YOUR INSTRUCTIONS
Your answer should be the entries below, reproduced character for character.

ENTRIES PROVIDED
※ ※ ※

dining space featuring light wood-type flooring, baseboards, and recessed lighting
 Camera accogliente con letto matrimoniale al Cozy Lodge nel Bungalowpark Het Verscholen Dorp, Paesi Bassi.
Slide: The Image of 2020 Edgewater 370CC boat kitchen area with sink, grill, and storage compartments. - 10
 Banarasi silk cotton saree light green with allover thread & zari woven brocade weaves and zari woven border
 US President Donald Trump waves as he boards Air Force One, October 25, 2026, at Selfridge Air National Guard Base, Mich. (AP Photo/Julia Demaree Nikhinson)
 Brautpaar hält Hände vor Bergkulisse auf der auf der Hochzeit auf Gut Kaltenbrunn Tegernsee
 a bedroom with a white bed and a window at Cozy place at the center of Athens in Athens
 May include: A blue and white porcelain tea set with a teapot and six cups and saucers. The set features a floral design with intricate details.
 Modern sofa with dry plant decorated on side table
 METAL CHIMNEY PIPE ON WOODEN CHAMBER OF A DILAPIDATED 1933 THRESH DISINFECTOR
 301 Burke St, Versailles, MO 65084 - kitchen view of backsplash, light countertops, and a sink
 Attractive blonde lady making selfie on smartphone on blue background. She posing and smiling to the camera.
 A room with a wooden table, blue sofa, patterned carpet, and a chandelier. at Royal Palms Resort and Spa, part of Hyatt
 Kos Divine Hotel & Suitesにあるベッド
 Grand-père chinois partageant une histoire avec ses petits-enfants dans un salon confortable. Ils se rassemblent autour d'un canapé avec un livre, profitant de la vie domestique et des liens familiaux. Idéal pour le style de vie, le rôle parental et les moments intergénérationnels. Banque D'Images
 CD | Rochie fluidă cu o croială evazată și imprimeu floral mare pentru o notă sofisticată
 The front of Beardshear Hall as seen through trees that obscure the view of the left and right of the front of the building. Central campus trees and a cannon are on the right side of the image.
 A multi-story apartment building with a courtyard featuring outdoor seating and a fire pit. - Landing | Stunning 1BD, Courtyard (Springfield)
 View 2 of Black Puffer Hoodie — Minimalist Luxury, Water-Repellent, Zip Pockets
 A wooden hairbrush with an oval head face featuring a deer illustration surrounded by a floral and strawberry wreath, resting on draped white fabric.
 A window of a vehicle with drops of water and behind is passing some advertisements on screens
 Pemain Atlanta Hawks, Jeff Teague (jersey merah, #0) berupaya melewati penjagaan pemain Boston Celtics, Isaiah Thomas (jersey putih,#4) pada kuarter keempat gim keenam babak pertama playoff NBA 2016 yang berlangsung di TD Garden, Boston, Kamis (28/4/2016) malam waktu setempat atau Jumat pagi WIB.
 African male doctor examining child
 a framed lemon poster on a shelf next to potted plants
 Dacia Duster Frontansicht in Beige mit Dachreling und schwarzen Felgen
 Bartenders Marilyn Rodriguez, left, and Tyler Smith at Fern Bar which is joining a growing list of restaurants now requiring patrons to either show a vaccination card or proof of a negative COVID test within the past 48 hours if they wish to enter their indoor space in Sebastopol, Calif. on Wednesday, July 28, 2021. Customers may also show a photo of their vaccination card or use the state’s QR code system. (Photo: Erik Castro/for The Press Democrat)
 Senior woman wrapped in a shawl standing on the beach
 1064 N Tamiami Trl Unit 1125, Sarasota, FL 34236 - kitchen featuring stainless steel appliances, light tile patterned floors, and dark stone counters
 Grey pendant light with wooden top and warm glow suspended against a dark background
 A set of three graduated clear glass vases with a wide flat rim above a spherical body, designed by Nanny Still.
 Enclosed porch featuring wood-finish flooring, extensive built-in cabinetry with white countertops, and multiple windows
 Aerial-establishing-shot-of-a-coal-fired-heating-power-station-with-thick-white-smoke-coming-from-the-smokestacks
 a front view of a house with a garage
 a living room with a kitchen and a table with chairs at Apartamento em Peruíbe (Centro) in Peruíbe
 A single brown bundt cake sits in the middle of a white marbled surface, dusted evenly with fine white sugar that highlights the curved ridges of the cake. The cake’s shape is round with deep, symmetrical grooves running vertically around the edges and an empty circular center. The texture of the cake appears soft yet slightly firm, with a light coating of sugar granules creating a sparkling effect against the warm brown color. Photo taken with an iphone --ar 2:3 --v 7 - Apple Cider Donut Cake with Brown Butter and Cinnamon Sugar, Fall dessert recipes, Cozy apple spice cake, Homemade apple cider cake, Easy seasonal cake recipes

※ ※ ※

RESPONSE BELOW
dining space featuring light wood-type flooring, baseboards, and recessed lighting
 Camera accogliente con letto matrimoniale al Cozy Lodge nel Bungalowpark Het Verscholen Dorp, Paesi Bassi.
Slide: The Image of 2020 Edgewater 370CC boat kitchen area with sink, grill, and storage compartments. - 10
 Banarasi silk cotton saree light green with allover thread & zari woven brocade weaves and zari woven border
 US President Donald Trump waves as he boards Air Force One, October 25, 2026, at Selfridge Air National Guard Base, Mich. (AP Photo/Julia Demaree Nikhinson)
 Brautpaar hält Hände vor Bergkulisse auf der auf der Hochzeit auf Gut Kaltenbrunn Tegernsee
 a bedroom with a white bed and a window at Cozy place at the center of Athens in Athens
 May include: A blue and white porcelain tea set with a teapot and six cups and saucers. The set features a floral design with intricate details.
 Modern sofa with dry plant decorated on side table
 METAL CHIMNEY PIPE ON WOODEN CHAMBER OF A DILAPIDATED 1933 THRESH DISINFECTOR
 301 Burke St, Versailles, MO 65084 - kitchen view of backsplash, light countertops, and a sink
 Attractive blonde lady making selfie on smartphone on blue background. She posing and smiling to the camera.
 A room with a wooden table, blue sofa, patterned carpet, and a chandelier. at Royal Palms Resort and Spa, part of Hyatt
 Kos Divine Hotel & Suitesにあるベッド
 Grand-père chinois partageant une histoire avec ses petits-enfants dans un salon confortable. Ils se rassemblent autour d'un canapé avec un livre, profitant de la vie domestique et des liens familiaux. Idéal pour le style de vie, le rôle parental et les moments intergénérationnels. Banque D'Images
 CD | Rochie fluidă cu o croială evazată și imprimeu floral mare pentru o notă sofisticată
 The front of Beardshear Hall as seen through trees that obscure the view of the left and right of the front of the building. Central campus trees and a cannon are on the right side of the image.
 A multi-story apartment building with a courtyard featuring outdoor seating and a fire pit. - Landing | Stunning 1BD, Courtyard (Springfield)
 View 2 of Black Puffer Hoodie — Minimalist Luxury, Water-Repellent, Zip Pockets
 A wooden hairbrush with an oval head face featuring a deer illustration surrounded by a floral and strawberry wreath, resting on draped white fabric.
 A window of a vehicle with drops of water and behind is passing some advertisements on screens
 Pemain Atlanta Hawks, Jeff Teague (jersey merah, #0) berupaya melewati penjagaan pemain Boston Celtics, Isaiah Thomas (jersey putih,#4) pada kuarter keempat gim keenam babak pertama playoff NBA 2016 yang berlangsung di TD Garden, Boston, Kamis (28/4/2016) malam waktu setempat atau Jumat pagi WIB.
 African male doctor examining child
 a framed lemon poster on a shelf next to potted plants
 Dacia Duster Frontansicht in Beige mit Dachreling und schwarzen Felgen
 Bartenders Marilyn Rodriguez, left, and Tyler Smith at Fern Bar which is joining a growing list of restaurants now requiring patrons to either show a vaccination card or proof of a negative COVID test within the past 48 hours if they wish to enter their indoor space in Sebastopol, Calif. on Wednesday, July 28, 2021. Customers may also show a photo of their vaccination card or use the state’s QR code system. (Photo: Erik Castro/for The Press Democrat)
 Senior woman wrapped in a shawl standing on the beach
 1064 N Tamiami Trl Unit 1125, Sarasota, FL 34236 - kitchen featuring stainless steel appliances, light tile patterned floors, and dark stone counters
 Grey pendant light with wooden top and warm glow suspended against a dark background
 A set of three graduated clear glass vases with a wide flat rim above a spherical body, designed by Nanny Still.
 Enclosed porch featuring wood-finish flooring, extensive built-in cabinetry with white countertops, and multiple windows
 Aerial-establishing-shot-of-a-coal-fired-heating-power-station-with-thick-white-smoke-coming-from-the-smokestacks
 a front view of a house with a garage
 a living room with a kitchen and a table with chairs at Apartamento em Peruíbe (Centro) in Peruíbe
 A single brown bundt cake sits in the middle of a white marbled surface, dusted evenly with fine white sugar that highlights the curved ridges of the cake. The cake’s shape is round with deep, symmetrical grooves running vertically around the edges and an empty circular center. The texture of the cake appears soft yet slightly firm, with a light coating of sugar granules creating a sparkling effect against the warm brown color. Photo taken with an iphone --ar 2:3 --v 7 - Apple Cider Donut Cake with Brown Butter and Cinnamon Sugar, Fall dessert recipes, Cozy apple spice cake, Homemade apple cider cake, Easy seasonal cake recipes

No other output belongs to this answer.